体術Lv1 護衛Lv2 浮揚Lv2 魔力譲渡Lv1

水魔法Lv1 風魔法Lv1 天魔法Lv2 時空魔法Lv2

追跡Lv3 気配察知Lv2 魔力察知Lv2 魔力遮断Lv2

魔力自動回復・微Lv1 魔法抵抗・微Lv1

料理Lv2 裁縫Lv1 給仕Lv2 儀礼Lv3 教導Lv2 日本語Lv3


称号:クインの眷属

   ロイヤルガード

   禁断の愛に目覚めた者


******************************


 スキル構成を見てもらえれば察してもらえると思うけど、彼女は主に護衛のできるメイドを目指して作ったモンスターだ。この間みたくボクだけがダンジョンを離れる必要性がある時、かよちゃんを守ってもらうためにね。

 あわよくばかよちゃんの魔法の講師にも、と思って教導もつけてある。


 メイドが護衛って言われて地球人は首をかしげるかもしれないけど、これ実はベラルモースでは伝統。例の建築様式を確立した主神様が始めた伝統だけどね。かの神様は、功績に反してすごく俗っぽい。


 それはともかく……護衛にはもちろんジュイやユヴィル、それにもう一人仲間はいるんだけど、いざって時のことを考えるといるに越したことはないよね。

 それに、女の子には男や両性が踏み込めない問題があったりするものだ。そういうのが起きた時、正直ボクじゃ対応できない可能性もある。

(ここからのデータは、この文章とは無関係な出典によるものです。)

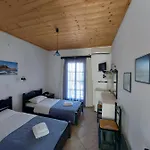 Hotel Isalos On The 3*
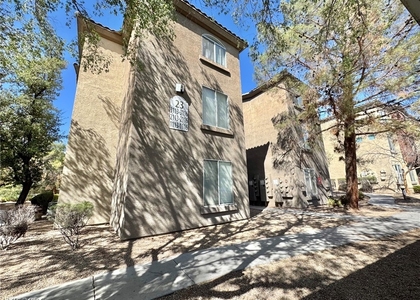 4400 S Jones Boulevard - Photo 1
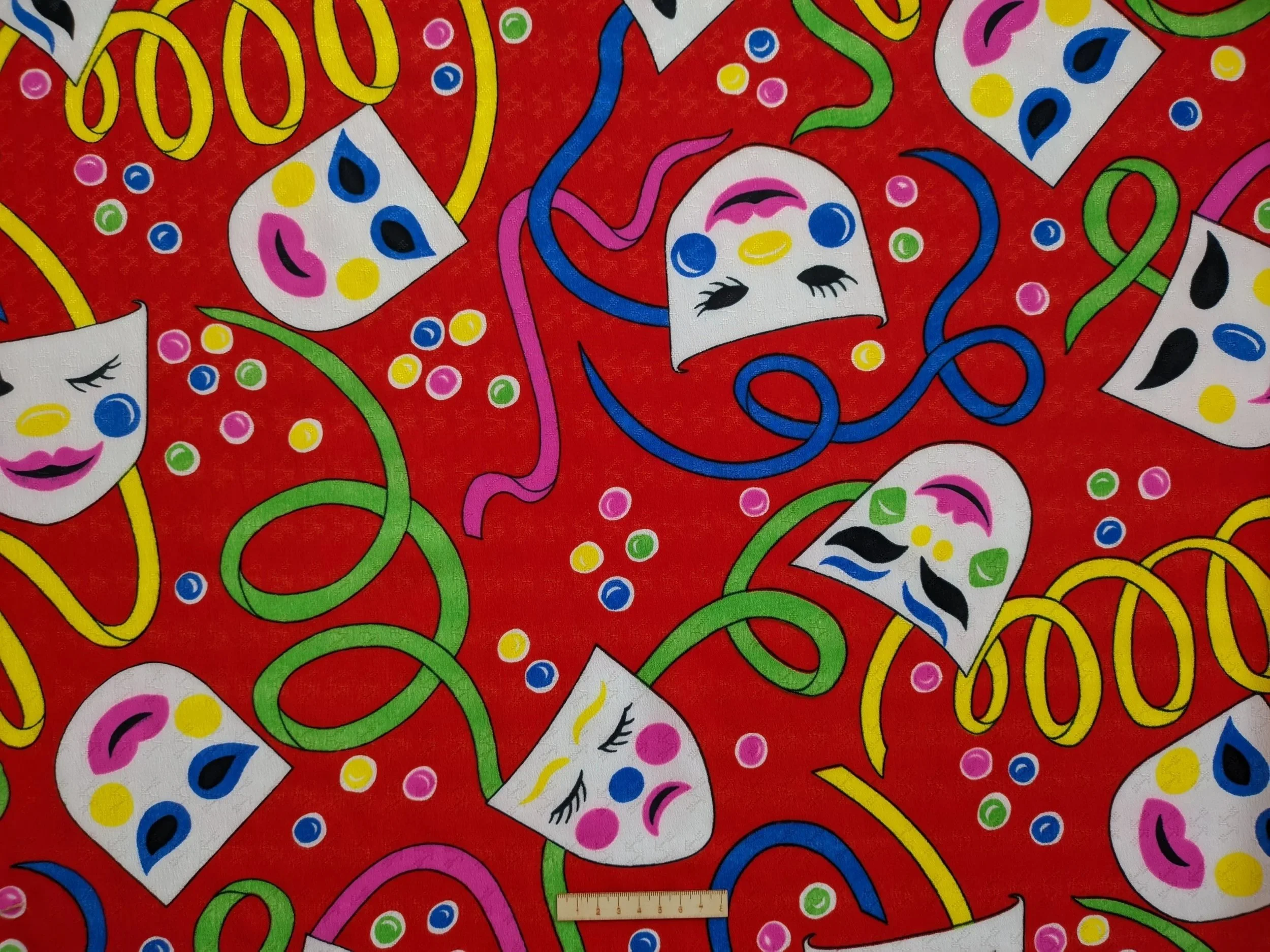 MASCARAS CON FONDO ROJO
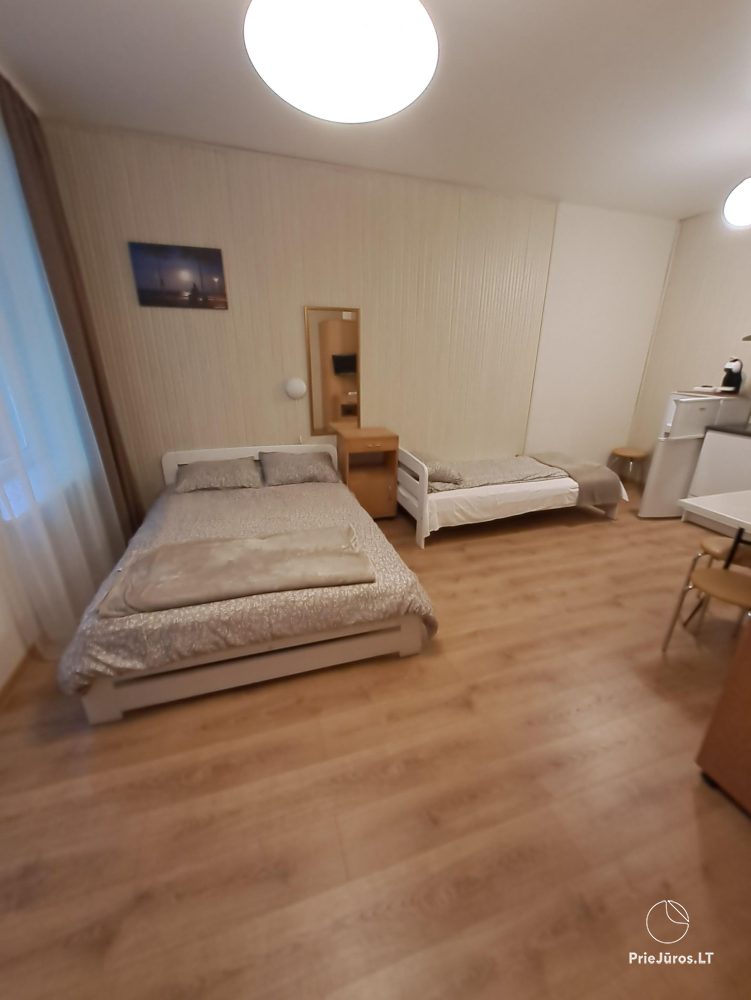 Apartments in Juodkrantė „Pas Reginą“: neben Kiefernwald, Evas Hügel, nahe der Lagune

 その辺のことを考えて、ティルガナを作った。名前は一株で大小二つの花を咲かせるベラルモースの木から。花言葉は「想いを捧げる」。


 与えた性格も、メインはずばり【忠愛】。サブも【献身】と【命知らず】で、ダンジョンマスターに対する忠誠をいかんなく発揮するためのものを与えてある。


 まあ……その……それでも誤算があって……。


 称号の【禁断の愛に目覚めた者】なんだけどさ……。これ……倫理的に問題とされる恋愛感情を抱いた者にしか出ないやつなんだ。

 この場合、同性愛や異種愛は含まれない。問題になるのは、あくまで倫理的な問題、つまり「既に相手のいる人を好きになった」時にしか発動しない。


 そして今、作られて日が浅いティルガナが知ってる「既に相手のいる人」はボクとかよちゃんしかいない。どうも、忠愛が行き過ぎたようなんだよね……。


 いや、それがボクに向くんなら、別にそこまで問題じゃない。ボクが取り合わなきゃいいだけだしさ。


 それじゃあ何が問題かって……。


「ああ、奥方様……会釈一つ取ってもかわいらしくて素敵……少しの佇まいにも色があって華やかだわ……」


 そうつぶやいたティルガナは、頬を桃色に染めて、恍惚の視線をかよちゃんに向け続けている。


 うん。


 その、ね。彼女のその愛は、どうやらかよちゃんに向いてるらしいんだよね……。


 そしてそれをボクの前で遠慮なくつぶやく辺り、【命知らず】がだいぶ見当違いの方に向きすぎてる。違うんだよ……そういうのを君の【命知らず】に求めたんじゃないんだよ……!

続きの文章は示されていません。